BEGIN MATERIAL PROVIDED

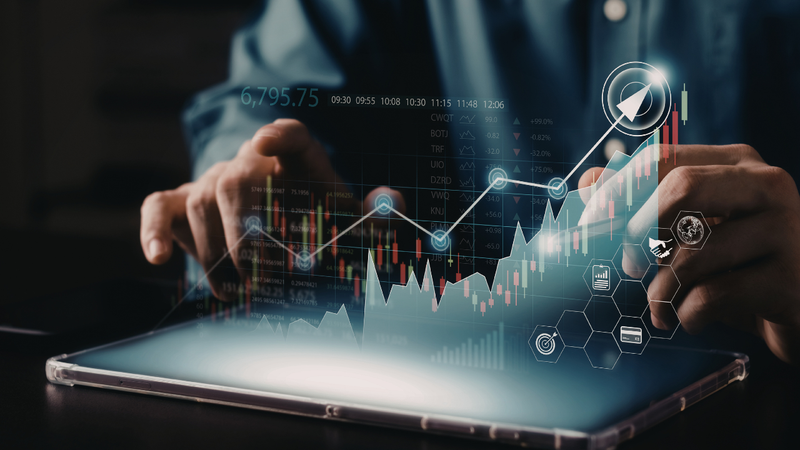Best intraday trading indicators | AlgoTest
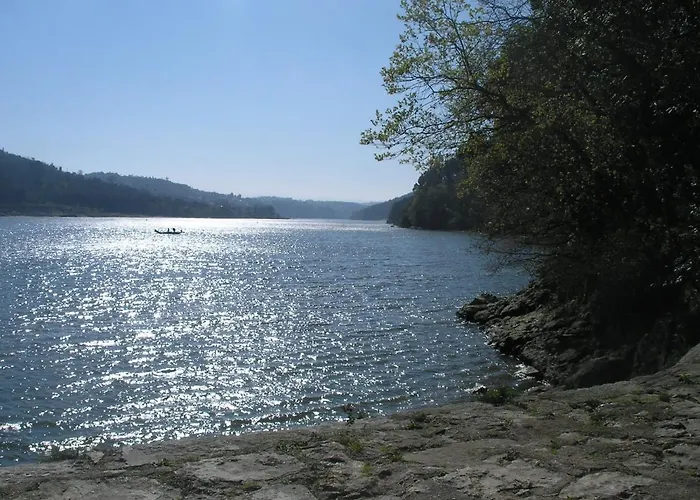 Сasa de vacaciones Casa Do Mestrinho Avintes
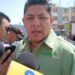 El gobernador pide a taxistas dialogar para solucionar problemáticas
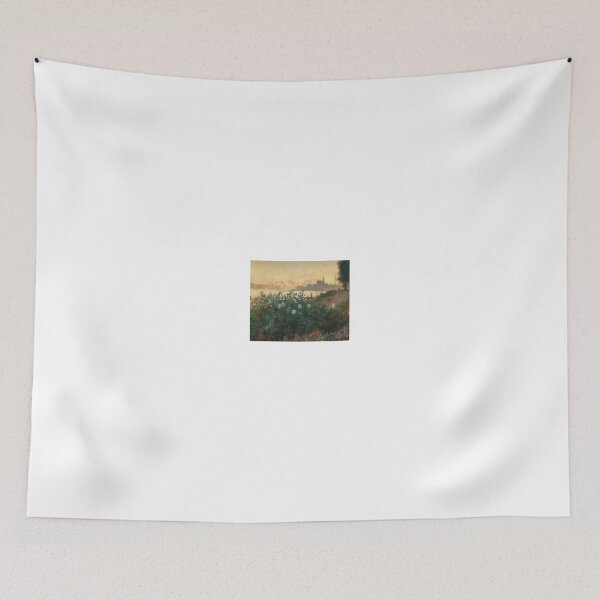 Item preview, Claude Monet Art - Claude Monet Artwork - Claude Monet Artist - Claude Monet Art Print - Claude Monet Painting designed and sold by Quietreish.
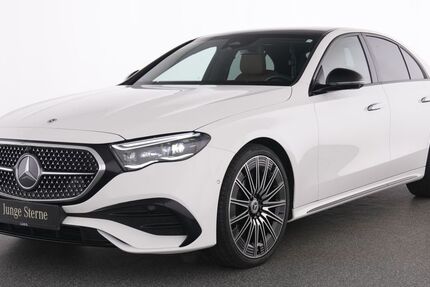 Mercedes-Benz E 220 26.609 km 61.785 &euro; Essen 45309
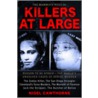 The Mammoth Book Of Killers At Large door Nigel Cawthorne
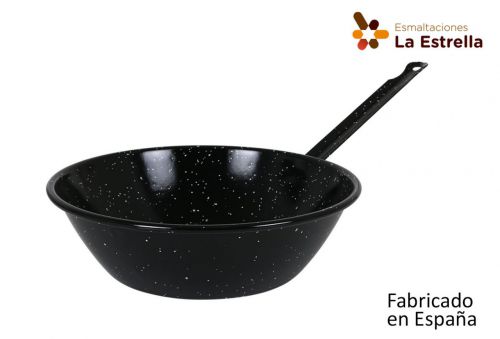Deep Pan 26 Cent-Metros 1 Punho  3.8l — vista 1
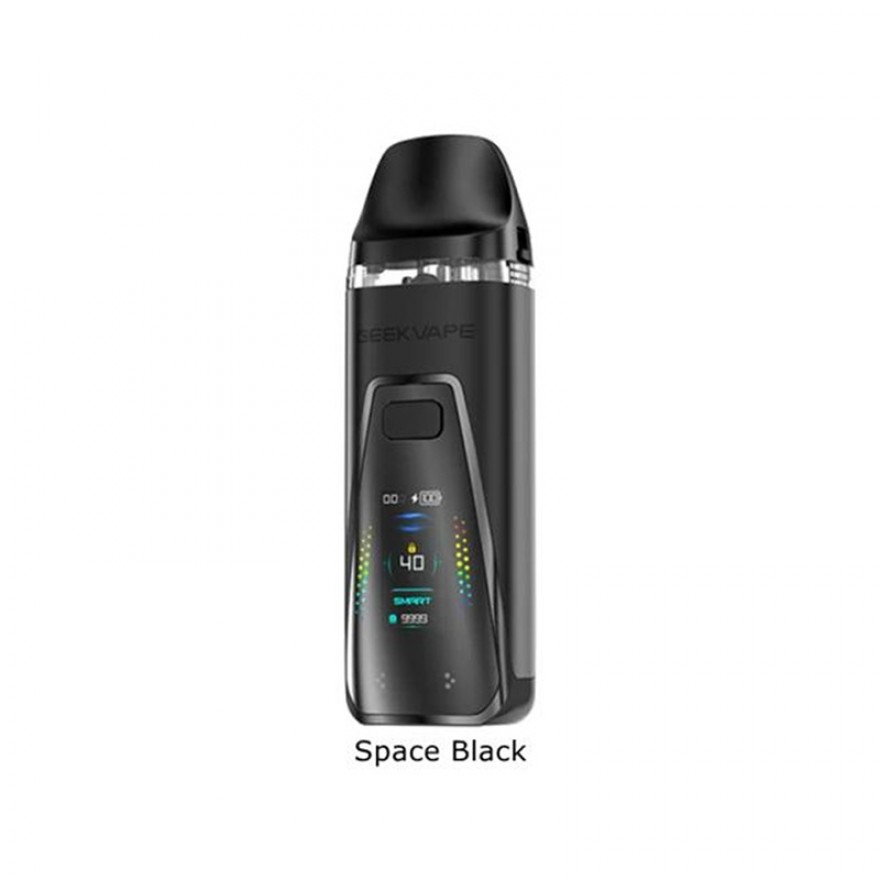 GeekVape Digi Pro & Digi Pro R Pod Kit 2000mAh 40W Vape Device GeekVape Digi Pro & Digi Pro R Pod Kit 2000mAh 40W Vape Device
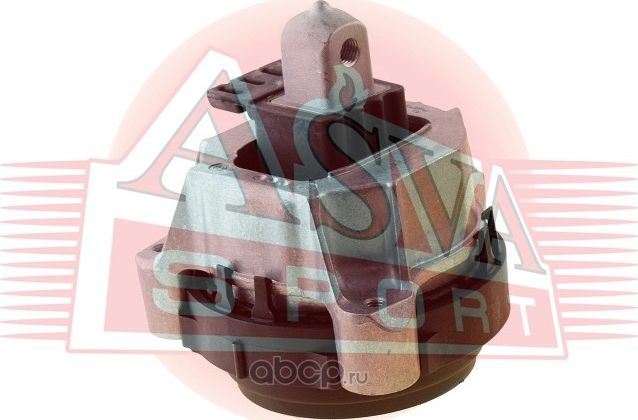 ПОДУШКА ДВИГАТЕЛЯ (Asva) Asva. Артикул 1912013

END MATERIAL PROVIDED

> _WORK TASK_: Please reproduce the listing exactly from its opening line through the line that contains "Item preview, Claude", both included, with all pictures omitted.

> _RESPONSE BELOW_:
Best intraday trading indicators | AlgoTest
 Сasa de vacaciones Casa Do Mestrinho Avintes
 El gobernador pide a taxistas dialogar para solucionar problemáticas
 Item preview, Claude Monet Art - Claude Monet Artwork - Claude Monet Artist - Claude Monet Art Print - Claude Monet Painting designed and sold by Quietreish.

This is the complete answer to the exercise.